The basic underlying question rarely asked of playable races and subraces is what the point actually is of having them and where the appeal lies. Gygax was quite frank when questioned about his motive for their inclusion, which was that the Lord of the Rings was enjoying an unprecedented popularity at the time as the touchstone for fantasy and he hoped to harness that for commercial purposes. Bearing in mind the ever controversial demi-human level advancement limitations and discouragement in the Dungeon Master's Guide as to monsters as player characters, this does ring true; Gygaxian Dungeons & Dragons is human-centric. However, it does not really answer the question, which is why is it that people desire to play non-human characters in the first place? A passable case could be made for it being chiefly about escapism, shedding even humanity in a bid to get as far away from the mundanity of life as possible, and for some people this may well be true. Really, though, that is a fantasy underlying a fantasy, inherent humanity is a basic limitation on the ability of the mind to explore any imagined landscape. It is this that leads to the assertion that playing a demi-human is typically nothing more than playing a human in a “funny suit”.

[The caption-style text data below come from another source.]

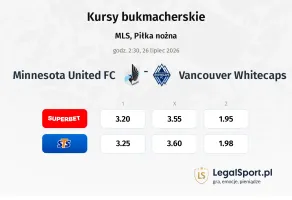 Minnesota United FC - Vancouver Whitecaps kursy bukmacherskie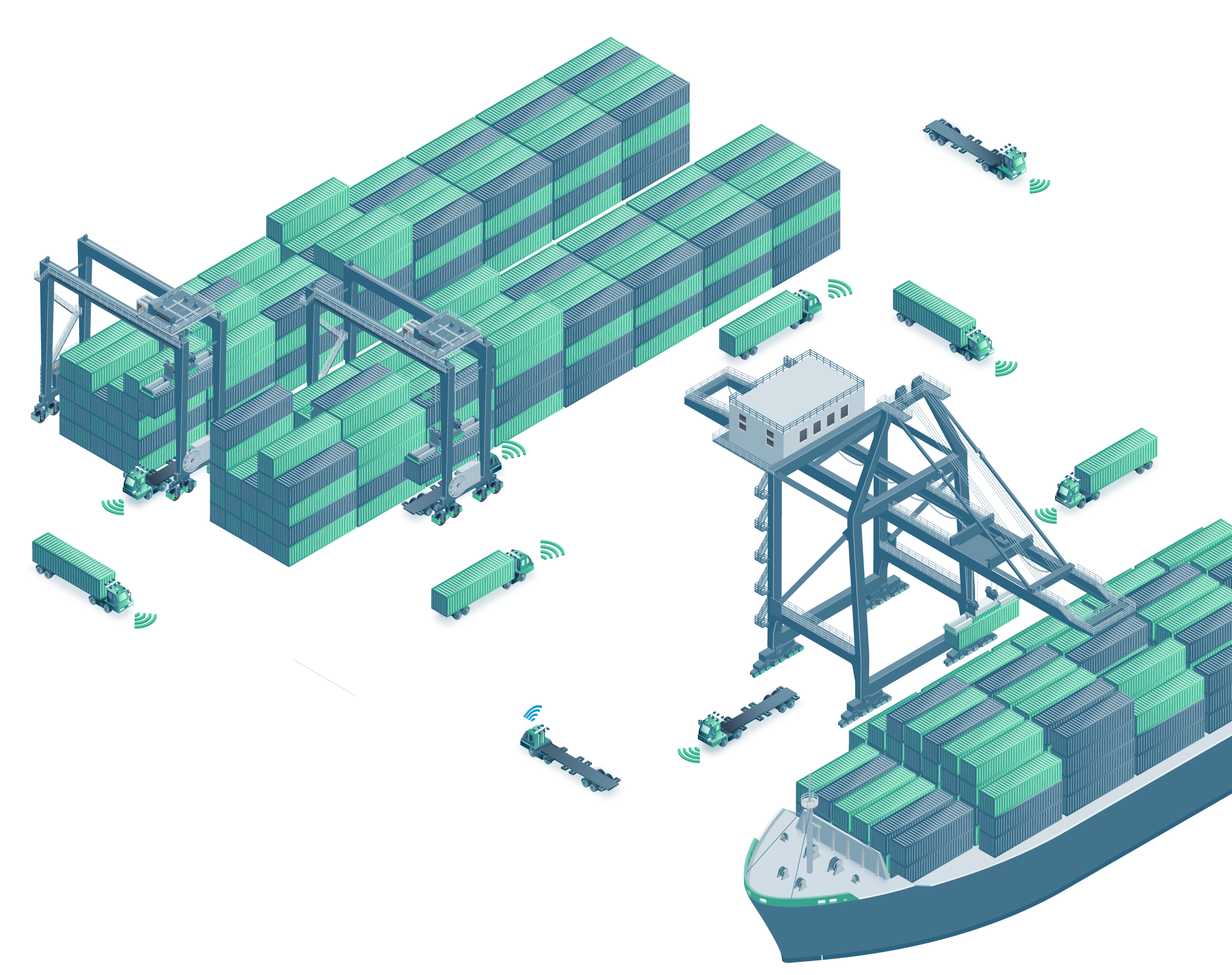 Containertransport
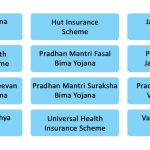Insurance Schemes Free Under GST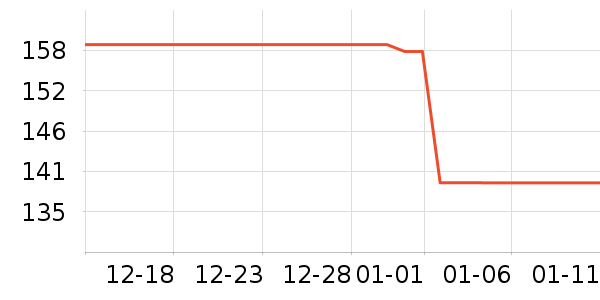 ����T����ʷ�۸�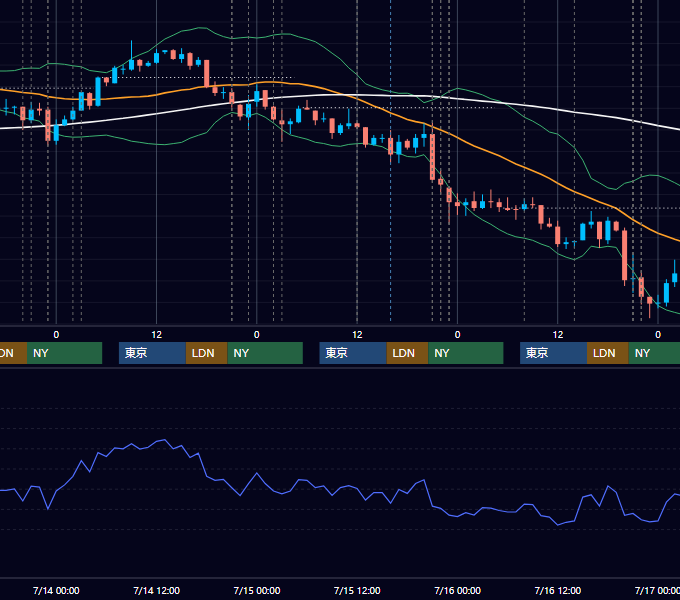 2010年7月12日〜7月16日 USD/JPY 1時間足チャート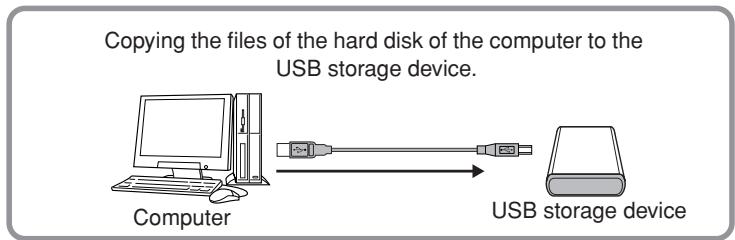 YAMAHA CLP-295GP - - Copying files from a computer hard disk to a USB storage device - 1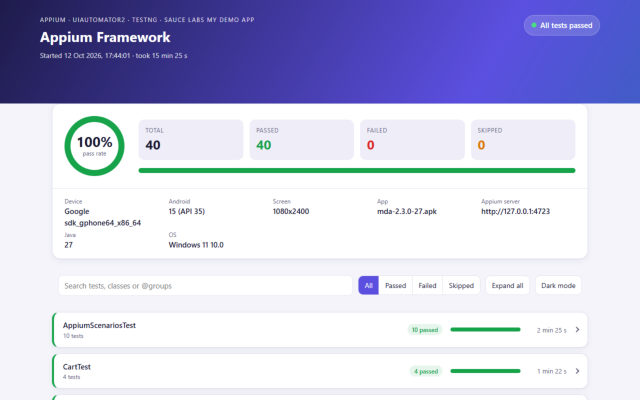 Appium framework report: 40 of 40 tests passed on an Android 15 emulator
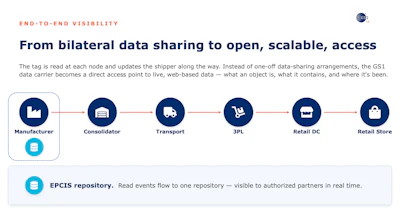 The tag is read at every node and reports back to one shared EPCIS repository, replacing a tangle of bilateral data-sharing deals with open, real-time visibility from manufacturer to store shelf.
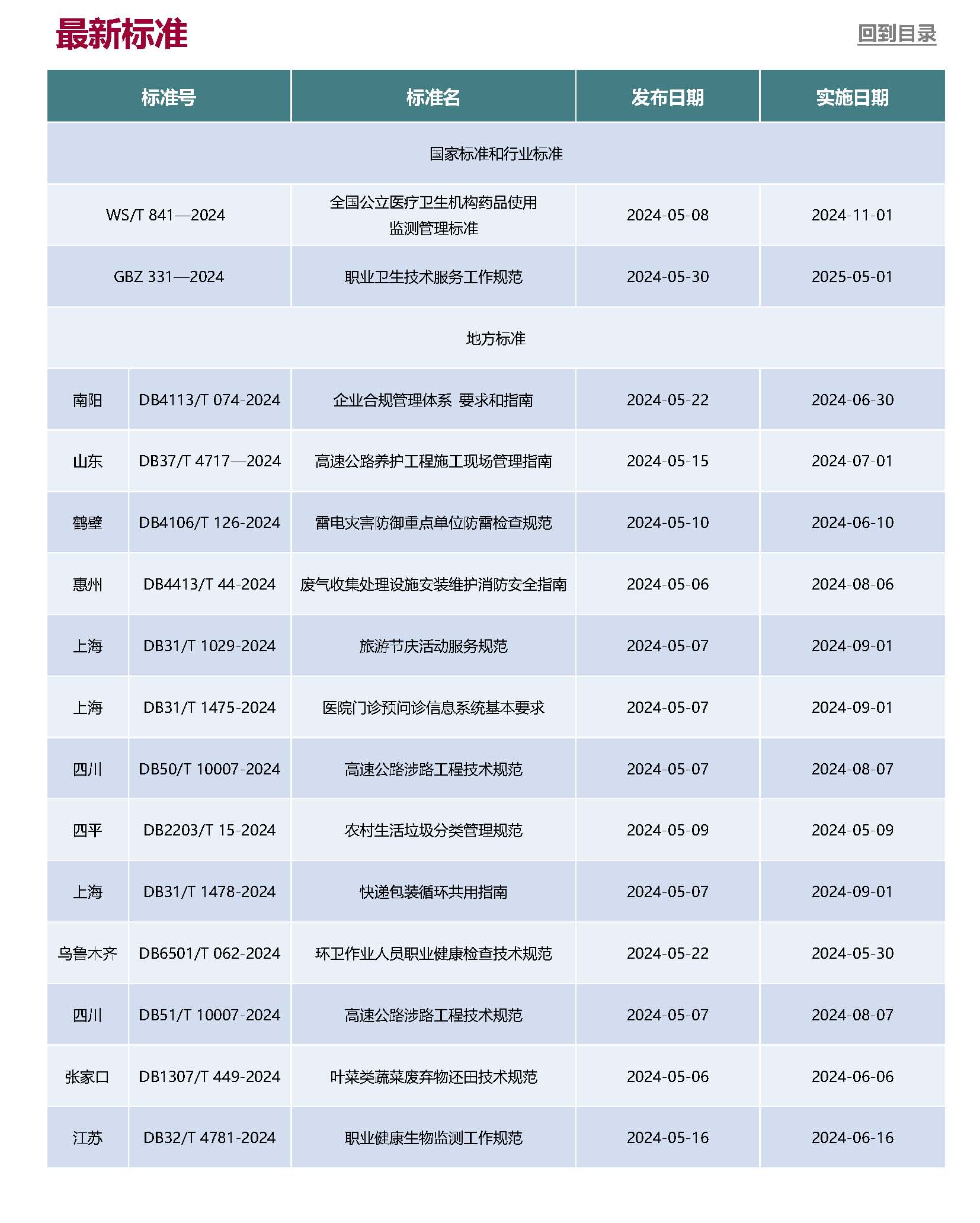 Anew E&EHS Reg Update 5-2024_页面_7.jpg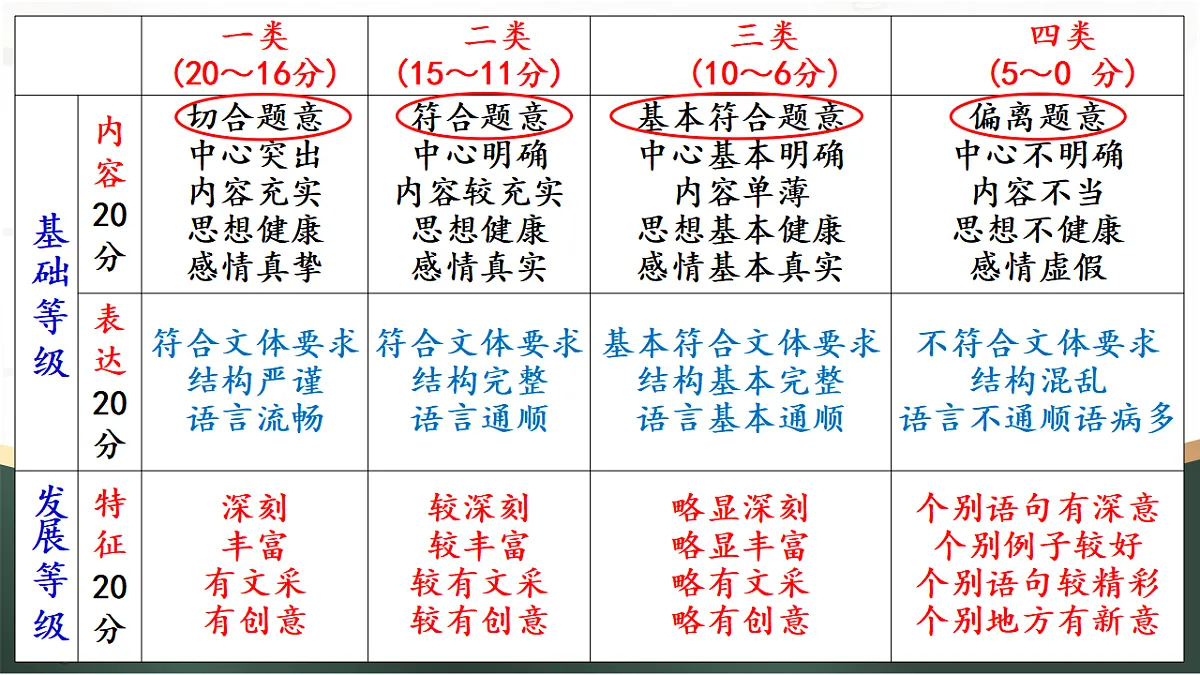 17548484第4页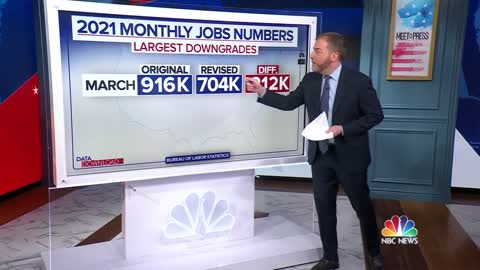 Latest Jobs Numbers Paint A Rosy Picture, But Recent Revisions Tell A Different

Such sardonic condemnation somewhat misses the point of playing a demi-human, though, and that is role emulation. It is no coincidence that so many new players name their first halfling Bilbo, their first dwarf Gimli, or have a Tanis Half-Elven. Perhaps the most alluring prospect of adventure games is the ability to step into the skin of a beloved literary character and assume their role, or one close to it. That is the actual purpose of playable demi-human races, not to escape human experience, but to facilitate the exploration of a particular character or archetype, often including its own subversion. A subrace usually isolates particular characteristics and repackages them as something new, dwarves that definitely live in mountains for instance, narrowing the role for the player in advance. Essentially it comes back to the question of abstraction versus specificity, with subraces as a means of increasing the degree of the latter at the expense of the former. More detail determined in advance of contact with the imagination of the player, more structure and uniformity with less room for deviation and innovation. Not that such is inherently bad; it is just that treating a subrace as an optimised version of a race rather defeats the point.